Viji Finance Reports Strong FY26 Profit Growth, Auditor Raises Loan Repayment Question
Viji Finance's net profit for FY26 reached ₹197.46 lakh (₹1.97 crore), a significant increase from ₹16.87 lakh (₹0.17 crore) in FY25. Revenue from operations rose to ₹508.17 lakh (₹5.08 crore) from ₹232.51 lakh (₹2.33 crore) in the previous year.
What Just Happened
Viji Finance Limited announced its audited financial results for the fiscal year and quarter ending March 31, 2026. The company posted a net profit of ₹197.46 lakh for FY26, a tenfold increase compared to ₹16.87 lakh in FY25.
Total revenue from operations for FY26 stood at ₹508.17 lakh, nearly doubling from ₹232.51 lakh in the previous fiscal year. Profit Before Tax (PBT) also rose substantially to ₹264.11 lakh from ₹21.66 lakh.
The company's statutory auditors, Dharmendra K Agarwal & Co., issued a clean report, confirming that the financial statements present a true and fair view.
Key Developments and Risks to Watch
The substantial profit growth and doubled revenue indicate a strong operational performance for Viji Finance in FY26. However, a note from the auditors highlights a key concern requiring investor attention.
The auditors flagged a ₹1.45 crore loan repayment made by a director acting as a guarantor. The concern stems from the unverified source of these funds, which could point to potential issues like evergreening or underlying financial stress for the borrower. The company will need to address this point with clarity.
Company Background and Recent Moves
Viji Finance Ltd, established in 1994, operates as a Non-Banking Financial Company (NBFC) in India. It formerly operated under the name Panjon Finance Ltd.
Recently, on April 23, 2026, shareholders approved plans to issue 12.75 crore warrants worth approximately ₹35.70 crore to non-promoter investors.
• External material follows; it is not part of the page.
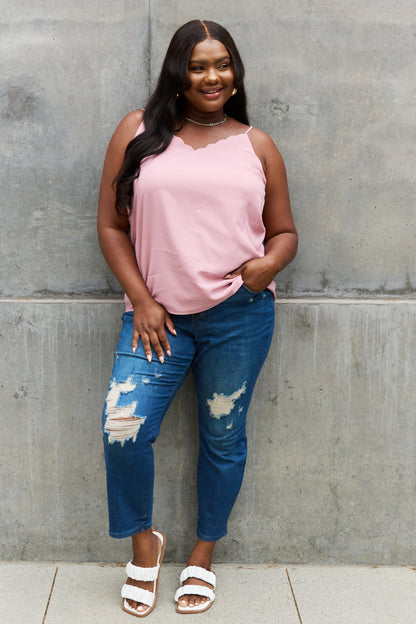 Plus Size Scalloped Cami in Rosewood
This capital-raising effort aims to strengthen the company's financial base and support future growth.
What Investors Should Monitor
Shareholders should expect Viji Finance to report significantly improved profitability for FY26.
The company faces the task of providing clear clarifications regarding the auditor's note on the director's loan repayment.
The planned capital infusion through warrants, if completed, could strengthen the company's financial standing and support growth initiatives.
Peer Comparison
While Viji Finance achieved impressive percentage growth, its absolute profit figures remain substantially smaller than larger NBFC peers. For FY26, Viji Finance reported ₹1.97 crore in net profit. In contrast, major NBFCs like Bajaj Finance reported ₹11,958 crore and Shriram Finance ₹10,004 crore in FY25 net profit. Muthoot Finance reported ₹8,653 crore in FY25. This comparison highlights Viji Finance's position as a smaller entity in the NBFC sector.
Key Financial Metrics
- Viji Finance's Net Profit increased by 1068.5% year-over-year from ₹0.17 crore in FY25 to ₹1.97 crore in FY26 (Standalone).
- Revenue from Operations grew by 118.5% year-over-year from ₹2.33 crore in FY25 to ₹5.08 crore in FY26 (Standalone).
What to Watch Next
- Management's detailed explanation and planned actions regarding the auditor's concern on the ₹1.45 crore loan repayment.
- Future guidance and growth outlook for FY27.
- Progress on the recently approved warrant issuance for capital infusion.